Causal Representation Learning with Generative Artificial Intelligence: Application to Texts as Treatments
Imai, Kosuke, Nakamura, Kentaro
In this paper, we demonstrate how to enhance the validity of causal inference with unstructured high-dimensional treatments like texts, by leveraging the power of generative Artificial Intelligence. Specifically, we propose to use a deep generative model such as large language models (LLMs) to efficiently generate treatments and use their internal representation for subsequent causal effect estimation. We show that the knowledge of this true internal representation helps disentangle the treatment features of interest, such as specific sentiments and certain topics, from other possibly unknown confounding features. Unlike the existing methods, our proposed approach eliminates the need to learn causal representation from the data and hence produces more accurate and efficient estimates.
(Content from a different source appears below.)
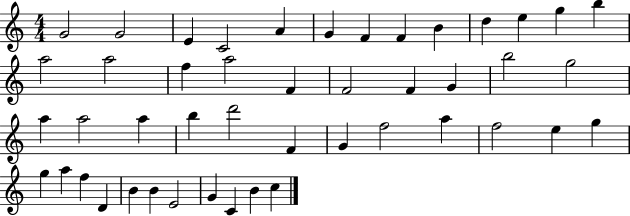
G4/h G4/h E4/q C4/h A4/q G4/q F4/q F4/q B4/q D5/q E5/q G5/q B5/q A5/h A5/h F5/q A5/h F4/q F4/h F4/q G4/q B5/h G5/h A5/q A5/h A5/q B5/q D6/h F4/q G4/q F5/h A5/q F5/h E5/q G5/q G5/q A5/q F5/q D4/q B4/q B4/q E4/h G4/q C4/q B4/q C5/q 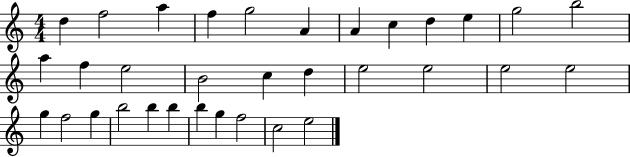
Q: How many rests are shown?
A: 0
We formally establish the conditions required for the nonparametric identification of the average treatment effect, propose an estimation strategy that avoids the violation of the overlap assumption, and derive the asymptotic properties of the proposed estimator through the application of double machine learning. Finally, using an instrumental variables approach, we extend the proposed methodology to the settings, in which the treatment feature is based on human perception rather than is assumed to be fixed given the treatment object. The proposed methodology is also applicable to text reuse where an LLM is used to regenerate the existing texts. We conduct simulation and empirical studies, using the generated text data from an open-source LLM, Llama 3, to illustrate the advantages of our estimator over the state-of-the-art causal representation learning algorithms.